Mais soudain, le murmure feutré de la fête fut brisé. Une jeune fille, vêtue d’un manteau usé par la pluie et le temps, s’avança sur le marbre blanc de la terrasse. Elle portait en elle une odeur qui n’avait rien à voir avec le luxe ambiant : celle de la poussière des gares et du vent froid du nord.
Le silence tomba comme un rideau de fer. Les invités s’écartèrent, choqués par cette intrusion. Jean-Pierre leva les yeux, une lueur d’agacement traversant son regard azur.
— Mademoiselle, vous avez dû faire une erreur de porte, dit-il d’une voix polie mais tranchante comme un rasoir. La sécurité va vous accompagner.
La jeune fille ne recula pas. Elle s’approcha de la table centrale et posa délicatement une petite boîte en carton jauni, portant le logo original de la maison de parfum de Jean-Pierre.
— “L’Aurore”, murmura-t-elle. C’est le premier parfum que vous avez créé. Vous disiez à l’époque qu’il était l’essence même de l’amour pur.
Jean-Pierre se figea. Sa main, qui tenait un cigare de prix, commença à trembler imperceptiblement. Sa femme, une baronne aux bijoux étincelants, fronça les sourcils, sentant le malaise monter.

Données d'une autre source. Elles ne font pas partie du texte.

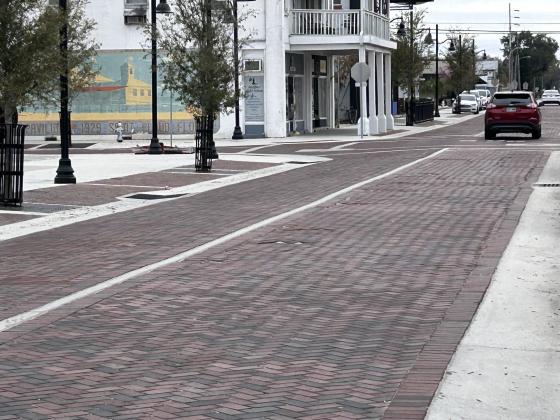 Potholes and the sand sublayer are present in the brick work done in downtown St. Cloud; the city and contractor have mediated a settlement to get the problems fixed once and for all. PHOTO/THOMAS OUELLETTE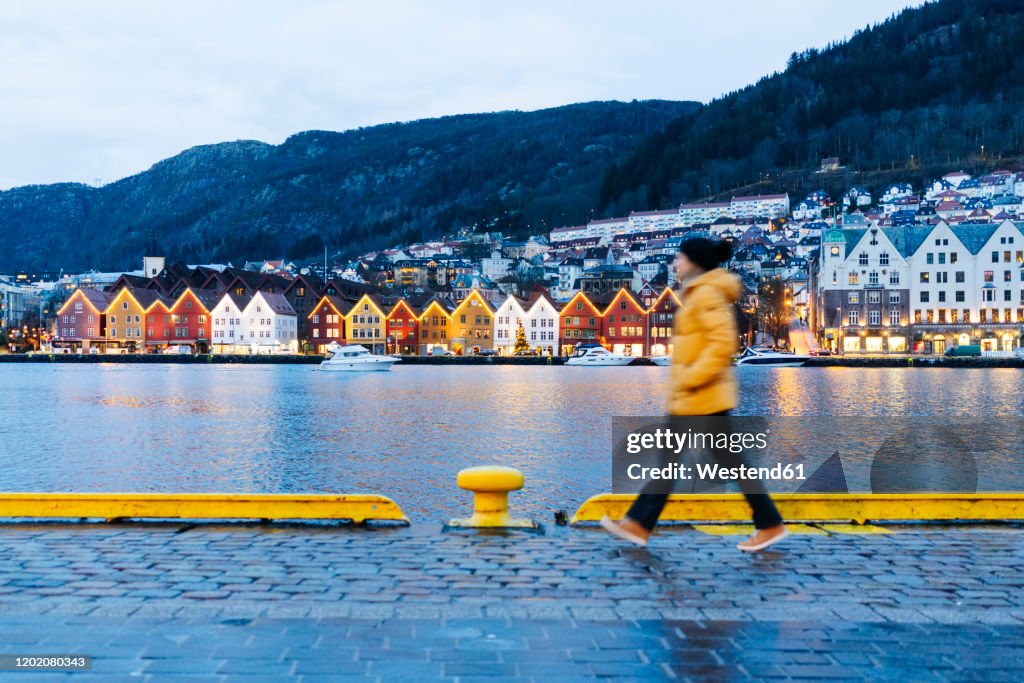Woman wearing a yellow jacket and walking at harbour in Bergen, Norway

— Je ne vois pas de quoi vous parlez, répliqua-t-il, mais sa voix avait perdu de son assurance.
La jeune fille ouvrit la boîte. À l’intérieur, il n’y avait pas de flacon précieux, mais un vieux bracelet de naissance en plastique et une photographie froissée. Elle la fit glisser sur la table. On y voyait Jean-Pierre, vingt ans plus tôt, jeune et pauvre, serrant dans ses bras une femme aux yeux tristes devant une mansarde délabrée de Montmartre.
— Vous avez vendu la formule de “L’Aurore” pour financer votre première usine, continua la jeune fille, sa voix résonnant désormais avec une clarté impitoyable. Et vous avez abandonné la femme qui vous a inspiré cette fragrance le jour même où vous avez signé votre premier contrat de millionnaire. Vous lui avez laissé ce parfum pour seul souvenir, alors qu’elle luttait seule pour m’élever dans le froid.
Un murmure d’horreur parcourut l’assemblée. Les smartphones, d’ordinaire cachés par élégance, sortirent des poches. Ce n’était plus une fête, c’était un tribunal.
Jean-Pierre tenta un dernier rire nerveux, cherchant le soutien de ses amis puissants. — C’est une mise en scène ! Cette fille veut de l’argent !
— Non, répondit-elle avec une dignité qui écrasa l’orgueil de l’homme. Je ne veux pas de votre fortune bâtie sur des mensonges. Ma mère est partie hier, et son dernier souhait était que vous sachiez que “L’Aurore” ne vous appartient pas. C’est l’odeur d’une promesse que vous avez trahie.
Elle se tourna vers l’épouse de Jean-Pierre, dont le visage était devenu aussi blanc que les lys de la décoration. — Gardez vos diamants, Madame. Ils ont été achetés avec les larmes d’une femme que mon père a préféré oublier.
Sans un regard de plus, la jeune fille fit demi-tour et disparut dans l’ombre de l’ascenseur. Sur la terrasse, le vent se leva, emportant avec lui le prestige de Jean-Pierre. Sa femme retira lentement son alliance et la posa sur la photo froissée, avant de quitter la table sans dire un mot.
Le lendemain, le parfum “L’Aurore” fut retiré de toutes les boutiques de luxe. On disait que son odeur, autrefois si douce, rappelait désormais à tout Paris le goût amer de la trahison.